João Carreira, director executivo da Critical Software, foi o grande responsável pela colocação de um piano comunitário em Entrecampos. “Chegámos a fazer alguns contactos com escolas de música para passarem aqui regularmente com os miúdos, mas acabou por não ser necessário. Desde o primeiro dia, podemos passar aqui a qualquer hora e estará sempre alguém a tocar”, conta o executivo. “Não sei como é que tanta gente toca piano nesta cidade”, brinca.
São mesmo raras as vezes que, nos últimos meses, passamos em Entrecampos e que ouvimos um silêncio. De manhã, à noite, durante a tarde, à hora de almoço. Há quase sempre alguém, anónimo, junto ao piano a tocar para quem estiver de passagem. Por vezes, há pessoas a parar um pouco junto ao piano, seja para ouvir com mais atenção a música, tirar uma fotografia ou até dar os parabéns ao pianista. “Às vezes, recebo uma mensagem a dizer: ‘olha João, vai ver o piano que está lá um tipo que parece o Elton John’. Vou ver e está uma pessoa vestida como o Elton John a tocar piano muito bem. Ou ‘vai lá ver que está lá agora um grupo de pessoas a tocar violino e trompete com o piano’. Estes momentos acontecem muito”, diz João Carreira.

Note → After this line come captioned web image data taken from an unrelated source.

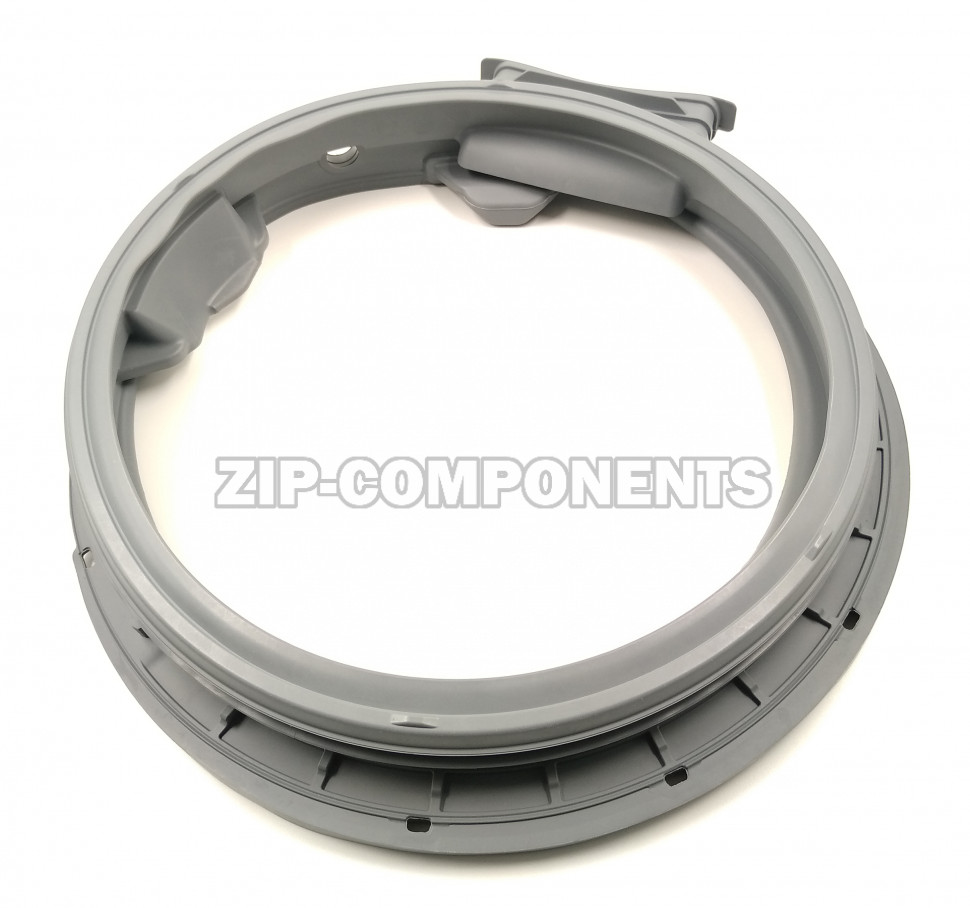 Манжета люка стиральной машины LG MDS65452901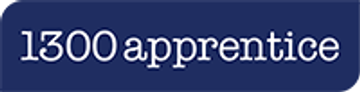 1300apprentice logo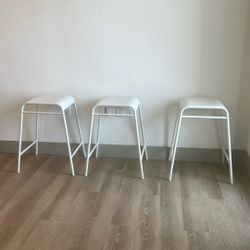 Kitchen Island Bar Stools 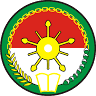SLB Sari Wiyata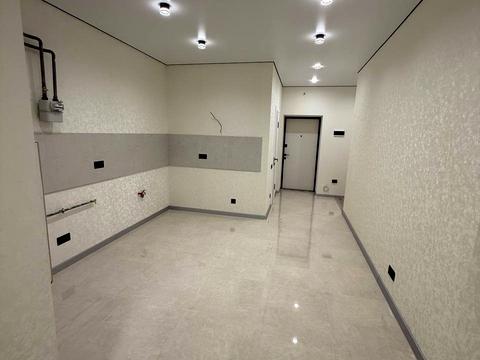 квартира по адресу Гетманская ул., 7б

O que acontece no piano de Entrecampos pode ser acompanhado 24 horas, via streaming, através do site the-piano.pt. Existe uma câmara a apontar para a zona do piano e um aviso a indicar às pessoas que aquela área está a ser filmada e transmitida. Além de Entrecampos, também existe um piano na estação de metro da Trindade, no Porto, e em breve existirá um piano algures em Coimbra, numa localização ainda por definir. “Mas o piano que colocámos em Entrecampos tem uma história engraçada”, começa por dizer João. “Estava a apresentar a ideia na nossa comissão executiva, que é um grupo de sete pessoas. Toda a gente adorou. E um colega diz-me que tem um piano em casa, que não toca desde que é adolescente e que tinha o todo o prazer de oferecê-lo para pôr em Entrecampos.”

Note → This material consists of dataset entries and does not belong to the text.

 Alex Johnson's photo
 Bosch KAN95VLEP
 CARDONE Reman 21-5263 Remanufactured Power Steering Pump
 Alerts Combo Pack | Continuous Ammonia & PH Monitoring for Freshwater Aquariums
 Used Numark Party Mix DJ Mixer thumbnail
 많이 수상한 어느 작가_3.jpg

Para uma empresa de tecnologia, um piano é um instrumento bastante analógico. Mas João garante que, tirando a transmissão online, não há nada de digital nesta iniciativa. O objectivo é apenas comemorar os 25 anos da Critical Software. “Nós sentimos que para chegarmos até este 25 anos, não foi só o nosso esforço pessoal ou o esforço da Critical, mas toda a gente à nossa volta, de tudo, das infraestruturas, das estações de comboio, das estradas, das comunicações, das pessoas, tudo”, explica João. A música faz parte da empresa, que inclusive tem uma banda interna e uma sala de ensaios no edifício de Lisboa, que fica mesmo ao lado da estação de Entrecampos. “Sentimos, por isso, que um piano simboliza muito bem a nossa cultura.”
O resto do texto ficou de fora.